Task objective —
Your task is to filter the data below down to the lines holding "Mountain".

Available data —
+++++

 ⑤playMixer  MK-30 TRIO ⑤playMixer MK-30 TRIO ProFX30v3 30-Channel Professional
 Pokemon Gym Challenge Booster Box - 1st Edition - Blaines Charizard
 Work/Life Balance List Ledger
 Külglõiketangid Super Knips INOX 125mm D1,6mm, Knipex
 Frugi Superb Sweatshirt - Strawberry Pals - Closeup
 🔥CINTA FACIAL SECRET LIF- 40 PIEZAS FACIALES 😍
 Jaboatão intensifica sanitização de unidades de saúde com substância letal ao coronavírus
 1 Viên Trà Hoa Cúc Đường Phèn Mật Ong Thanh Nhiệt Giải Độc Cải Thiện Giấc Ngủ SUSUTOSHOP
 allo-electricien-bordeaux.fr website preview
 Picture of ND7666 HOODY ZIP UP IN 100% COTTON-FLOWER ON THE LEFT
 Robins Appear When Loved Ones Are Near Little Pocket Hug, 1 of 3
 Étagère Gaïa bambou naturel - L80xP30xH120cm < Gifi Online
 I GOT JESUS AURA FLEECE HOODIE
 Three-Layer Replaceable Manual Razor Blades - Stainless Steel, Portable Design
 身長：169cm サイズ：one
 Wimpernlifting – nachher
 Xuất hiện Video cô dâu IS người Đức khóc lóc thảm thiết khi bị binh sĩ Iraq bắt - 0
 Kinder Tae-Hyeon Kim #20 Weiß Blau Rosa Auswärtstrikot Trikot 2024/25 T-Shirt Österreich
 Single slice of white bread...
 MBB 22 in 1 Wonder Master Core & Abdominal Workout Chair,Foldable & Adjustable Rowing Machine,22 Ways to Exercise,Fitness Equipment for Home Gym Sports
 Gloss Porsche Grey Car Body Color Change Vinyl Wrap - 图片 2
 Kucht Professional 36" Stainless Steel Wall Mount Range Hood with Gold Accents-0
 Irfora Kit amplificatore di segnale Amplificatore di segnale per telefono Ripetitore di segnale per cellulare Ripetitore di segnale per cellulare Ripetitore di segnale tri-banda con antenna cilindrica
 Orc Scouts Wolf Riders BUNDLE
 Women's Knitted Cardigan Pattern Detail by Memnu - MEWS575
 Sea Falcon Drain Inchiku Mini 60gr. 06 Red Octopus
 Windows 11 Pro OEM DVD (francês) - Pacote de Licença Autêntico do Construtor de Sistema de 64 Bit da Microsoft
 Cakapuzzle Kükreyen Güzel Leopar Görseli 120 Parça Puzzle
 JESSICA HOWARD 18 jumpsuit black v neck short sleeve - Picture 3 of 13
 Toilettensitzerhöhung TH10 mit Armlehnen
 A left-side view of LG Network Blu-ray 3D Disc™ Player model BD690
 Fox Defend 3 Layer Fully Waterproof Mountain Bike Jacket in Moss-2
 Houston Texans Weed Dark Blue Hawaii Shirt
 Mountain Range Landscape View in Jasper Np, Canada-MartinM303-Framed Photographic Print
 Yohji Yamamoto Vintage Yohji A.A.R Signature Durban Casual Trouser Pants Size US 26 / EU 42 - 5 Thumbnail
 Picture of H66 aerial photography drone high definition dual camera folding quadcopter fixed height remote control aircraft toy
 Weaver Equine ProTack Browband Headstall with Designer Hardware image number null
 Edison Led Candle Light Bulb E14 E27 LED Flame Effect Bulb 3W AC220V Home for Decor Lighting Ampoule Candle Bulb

+++++

The completed task —
 Fox Defend 3 Layer Fully Waterproof Mountain Bike Jacket in Moss-2
 Mountain Range Landscape View in Jasper Np, Canada-MartinM303-Framed Photographic Print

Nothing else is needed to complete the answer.